- WHAT YOU ARE ASKED TO DO
Among the entries below, only the lines from the one with "Karma Killer ... a sequel to Mindmaze" through the one with "Чохол Silicone Cover" are to be retyped, exactly and without pictures.

- EXTRACTED MATERIAL
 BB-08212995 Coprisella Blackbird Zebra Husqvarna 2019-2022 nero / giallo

* * *

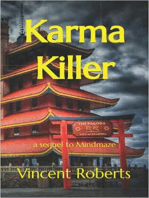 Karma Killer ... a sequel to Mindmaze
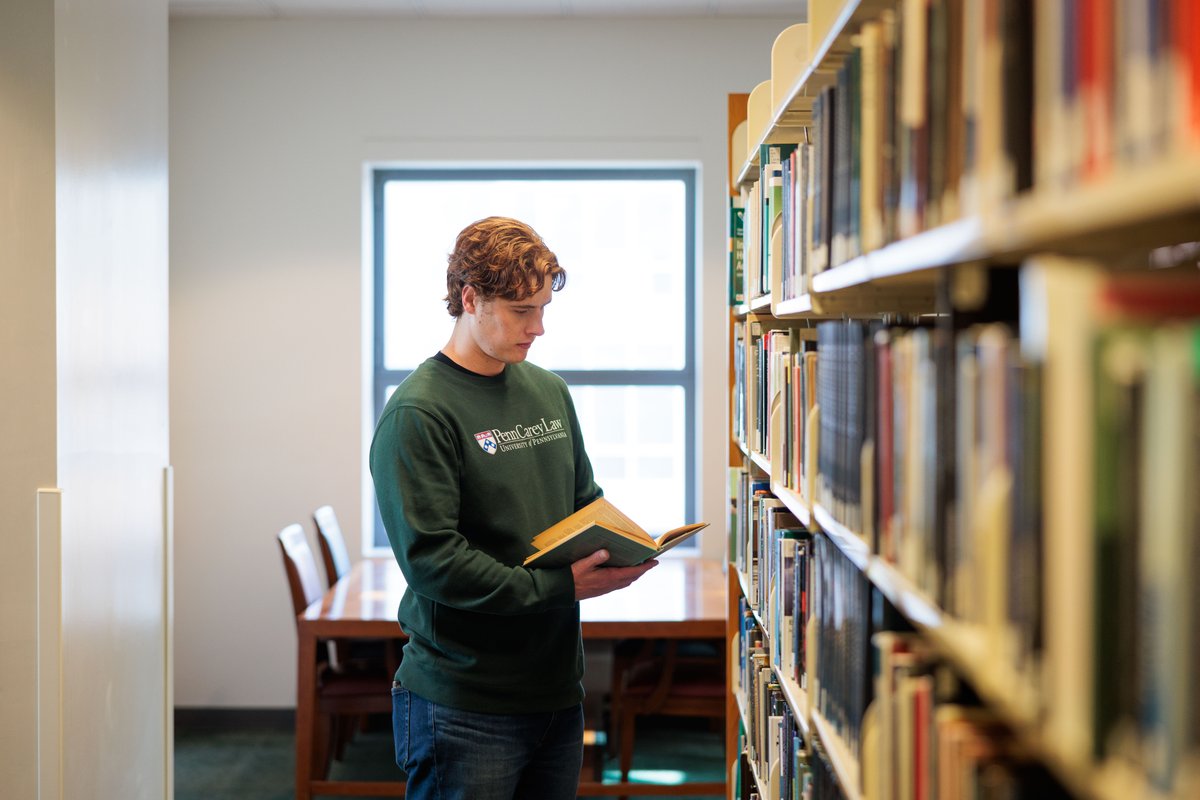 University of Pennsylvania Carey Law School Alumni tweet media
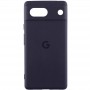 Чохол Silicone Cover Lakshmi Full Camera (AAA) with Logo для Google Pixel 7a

* * *

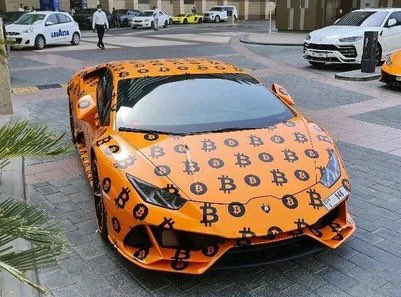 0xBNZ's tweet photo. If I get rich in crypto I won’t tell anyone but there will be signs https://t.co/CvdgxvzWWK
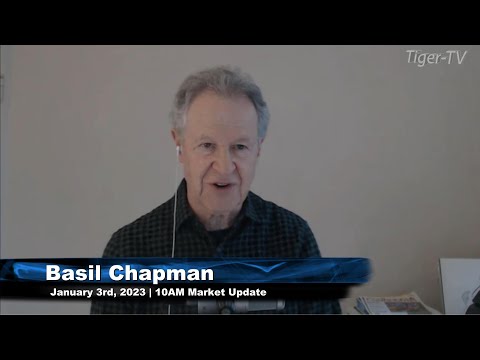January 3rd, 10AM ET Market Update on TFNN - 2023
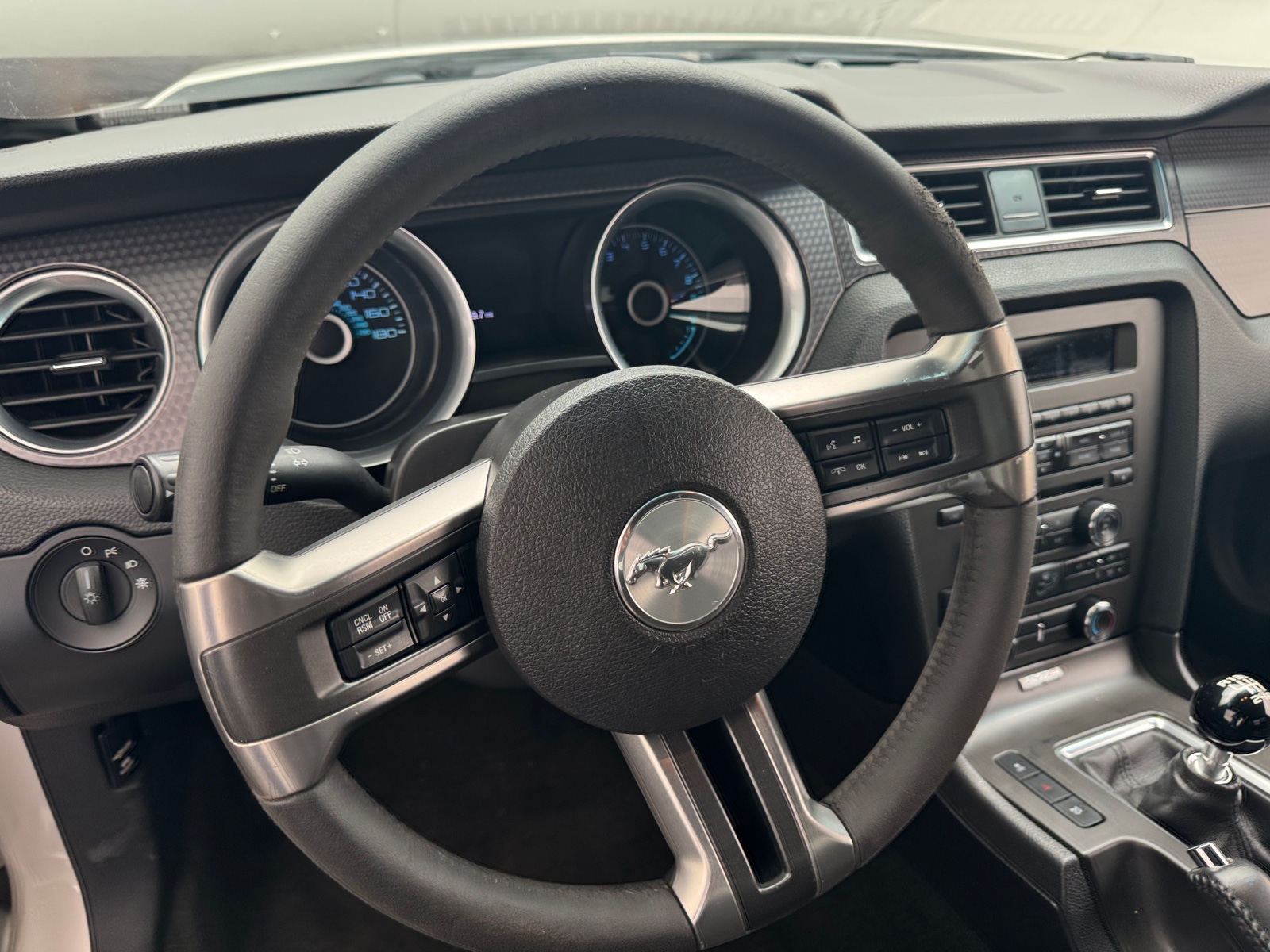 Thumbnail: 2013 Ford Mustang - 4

- RESPONSE FOR THIS EXERCISE
 Karma Killer ... a sequel to Mindmaze
 University of Pennsylvania Carey Law School Alumni tweet media
 Чохол Silicone Cover Lakshmi Full Camera (AAA) with Logo для Google Pixel 7a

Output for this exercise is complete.